Now realizing the toolbox might be a danger and, you know, not just giving us more chapters of repetition, Matt and Ellen decide to bury the toolbox in Fear Street Woods. It's all for naught as it winds up back on Matt's bed. So Matt's next big plan is to just ignore it. Don't open it, don't acknowledge it. That's when he starts to hear a scratching sound coming from inside the box. It opens and a tiny pocketknife starts to crawl onto Matt, scratching him under his arm. He throws the knife back in the box and tells the box, which is clearly alive, to leave him alone. However, Matt soon sees that the scratch has now changed into a tiny hand. He tries to cut it off, but the hand grabs the knife and throws it, so that's not going to work. He shows Ellen his new hand and the two try to figure out what they can do about this. They try more tools (which honestly given the hand thing and everything else these kids are mighty dumb to keep rubbing alien tools on things) but nothing seems to work. They then find a button in the bottom of the box, which works as a pager, as a giant slimy slug monster soon arrives.

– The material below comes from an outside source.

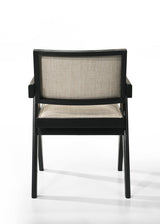 Jasper Ebony Black/Beige 21"W Fabric Dining Arm Chair (Set of 2)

The slug, who never gives us his name, wants the toolbox back. Ellen tries to get the slug to give a reward, but that doesn't really pan out. When the slug grabs it however, he gets a shock, since it's now imprinted by Matt. It was originally imprinted by the slug, but when his spaceship exploded and sent the box flying, it I guess lost the imprint and it latched to Matt. But there's an easy workaround to this. Matt just has to die. But of course the slug has to check with his commander before he can go about committing child murder. After the slug leaves, Matt decides that maybe if he threw the toolbox in the middle of Fear Lake, that should do the trick. You know, despite the fact that he already tried this with the burying. They try that, only for the toolbox to shoot out of the lake and return to Matt. The next day, Matt's new arm is almost fully grown and if that wasn't bad enough, now two giant alien slugs show up. Both he and Ellen get caught by the aliens, but before they can kill Matt, they get zapped by a different alien with mushroom-like skin, an egg head, brown bug eyes, skinny arms and six fingers. Oh, and a blaster.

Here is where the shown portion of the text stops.